Fritz Hug married the journalist and writer Margrit Schürmann in 1951. They had three children. In 1957, the family moved into a house in Zurich, which from then on housed both the family apartment and the artist’s studio. In later years, Hug opened his own gallery in the same building.

Painter of the animals

In 1964, Hug created a large mural entitled “Swiss Fauna” for the national exhibition Expo64. In 1967 he exhibited city-scapes at the Tryon Gallery in London, but by this time he was already beginning to concentrate more and more on painting animals.

In the same year, the WWF approached Hug with a request to paint around 100 animals threatened with extinction, a task that required both artistic skill and zoological knowledge.
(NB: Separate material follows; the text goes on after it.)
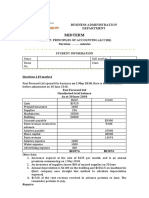 Midterm: Hoa Lac Subject: Principles of Accounting (Acc101) Duration: .. Minutes Student Information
Fritz Hug temporarily withdrew to the tranquillity of a small village near Zurich to devote himself fully to this new task. It was here that Hug painted more than a hundred animal pictures, which he exhibited at the Helmhaus in Zurich in September 1970. This exhibition was followed by others: in 1973 at the “Museum of Science” in Boston and again in 1979 at the Helmhaus Zurich for the “50 Years of Zurich Zoo” anniversary celebrations.

Fritz Hug died after a short, serious illness on January 29, 1989, and was laid to rest in Zurich’s Fluntern cemetery. Throughout his life, the conservation of animals and their natural environment was of great concern to him. He was unable to complete a major project to paint all Swiss bird species for the 700th anniversary of the Swiss Confederation.